- **Data under study**
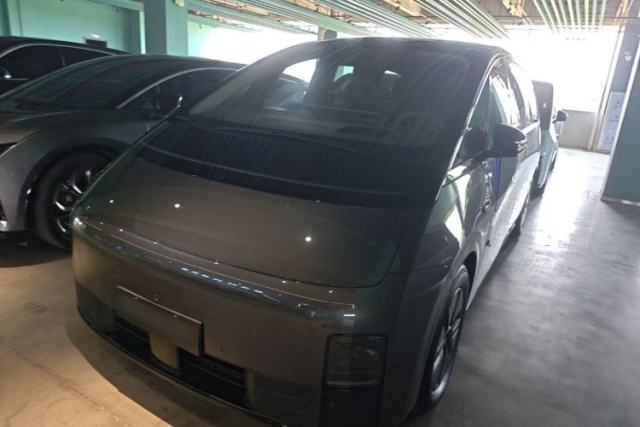 Used Li Auto MEGA 2025 Ultra Smart Refreshed Edition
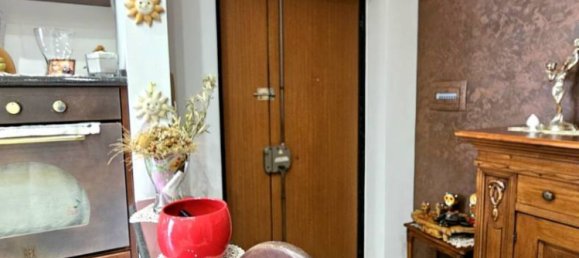 2 bedrooms Apartment in Boscoreale, Italy No. 262704 5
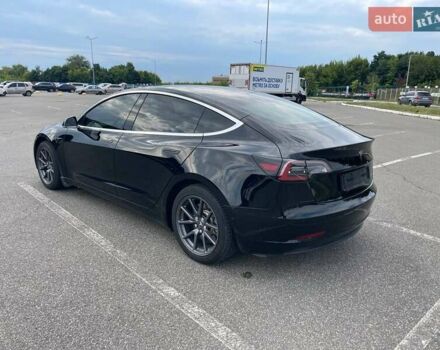 Черный Тесла Модель 3, объемом двигателя 0 л и пробегом 124 тыс. км за 18990 $, фото 9 на Automoto.ua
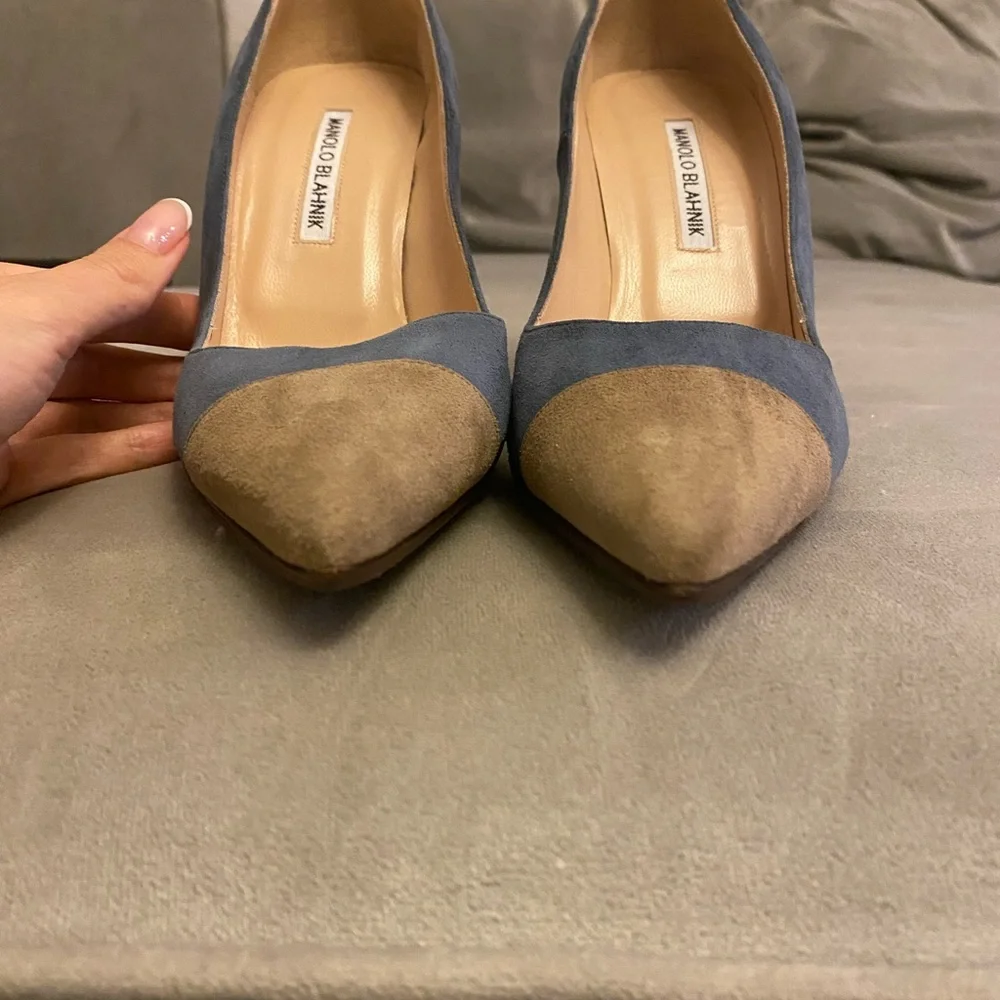 Manolo Blahnik beautiful suede heels. No box - Picture 3 of 6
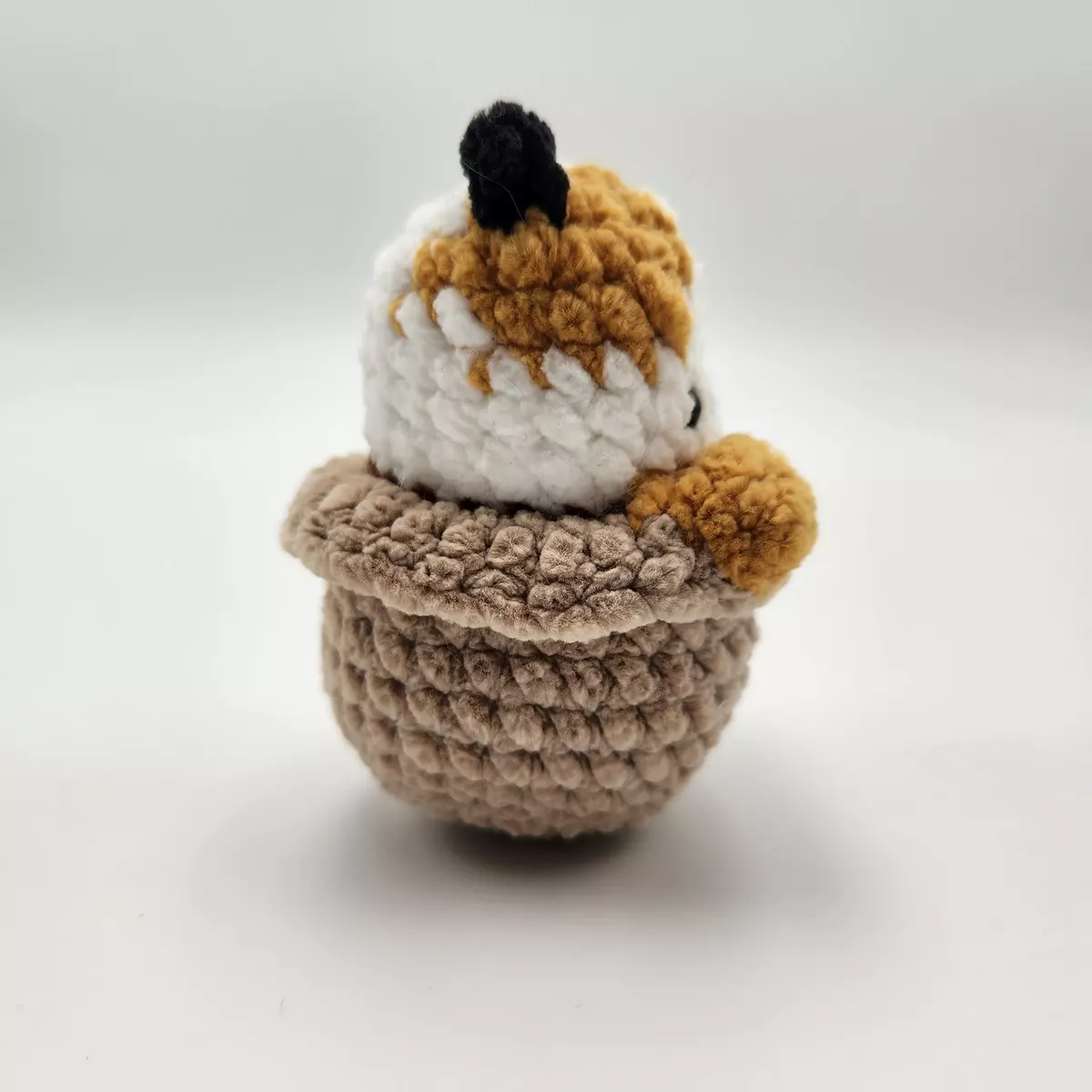 Chat-pot en crochet coloris blanc, moutarde et noir - vue de dos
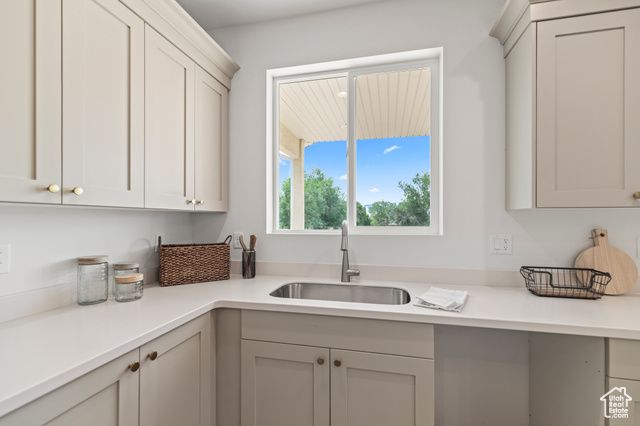 211 N 420 E, Monroe, UT 84754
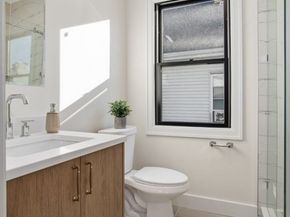 10 Bartlett St 2, Somerville MA 02145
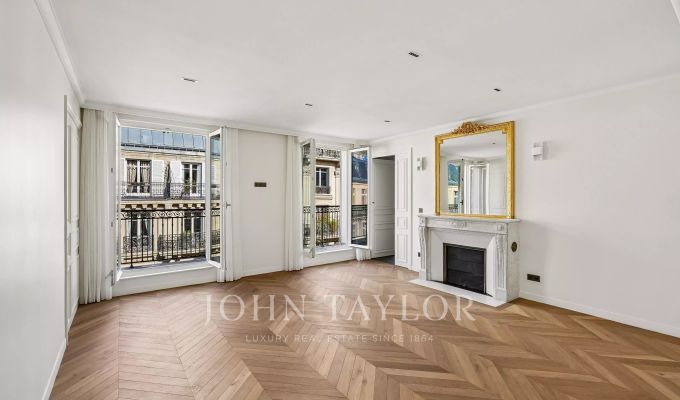 Location Appartement Paris 8ème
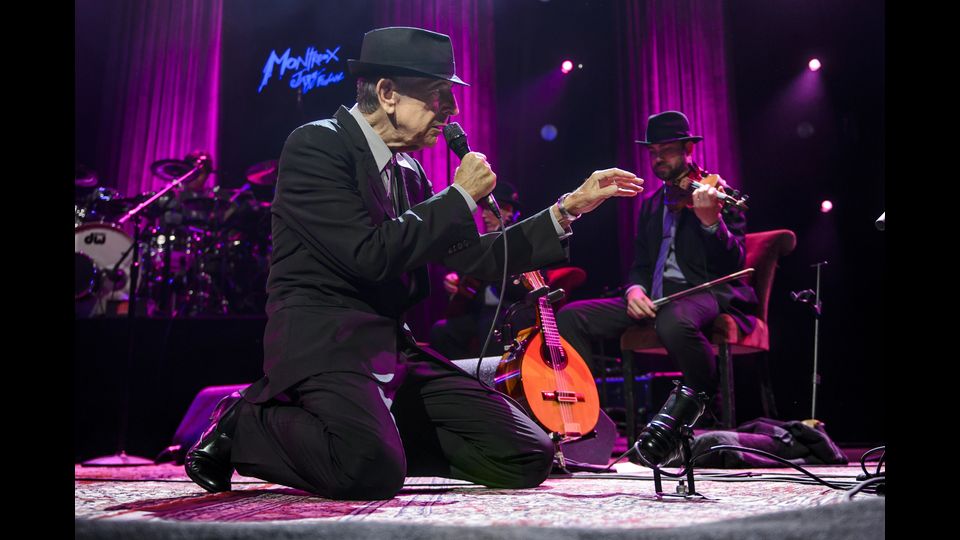 Il poeta-cantautore canadese, Leonard Cohen, in concerto presso l'Auditorium Stravinski durante l'edizione 47nd del Montreux Jazz Festival, il 5 luglio, 2013 (Afp)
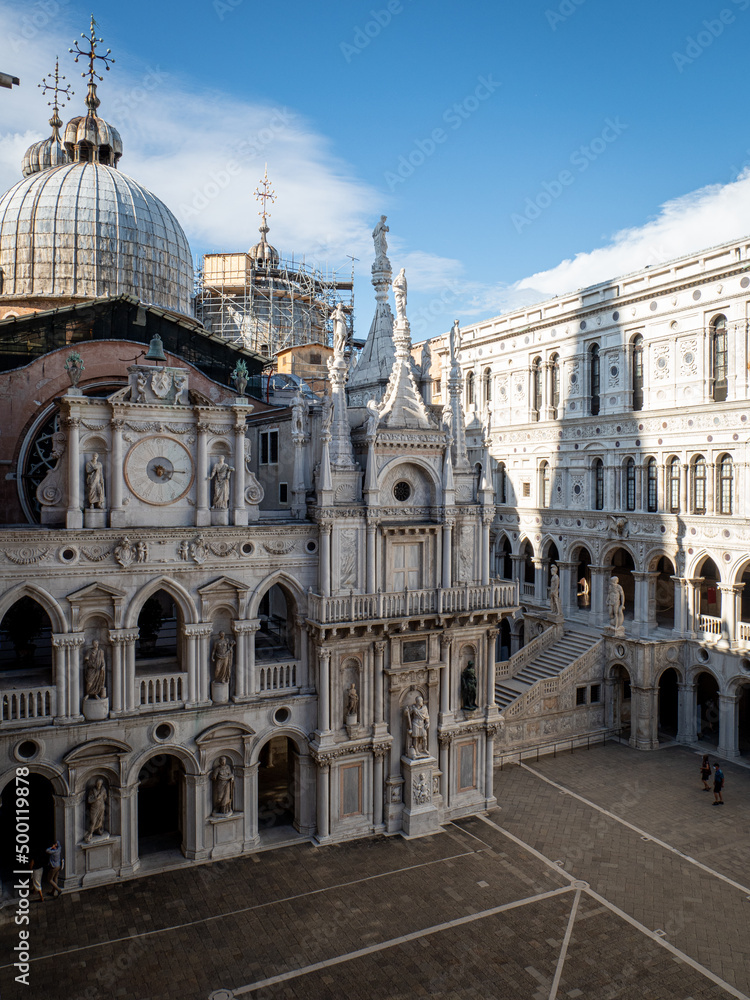 Fototapeta premium Doge's Palace in Venice view of St Mark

- **What the exercise asks**
Only these lines belong in the answer: the first line of the listing above through the line holding "Черный Тесла Модель", printed exactly and without pictures.

- **Written reply**
 Used Li Auto MEGA 2025 Ultra Smart Refreshed Edition
 2 bedrooms Apartment in Boscoreale, Italy No. 262704 5
 Черный Тесла Модель 3, объемом двигателя 0 л и пробегом 124 тыс. км за 18990 $, фото 9 на Automoto.ua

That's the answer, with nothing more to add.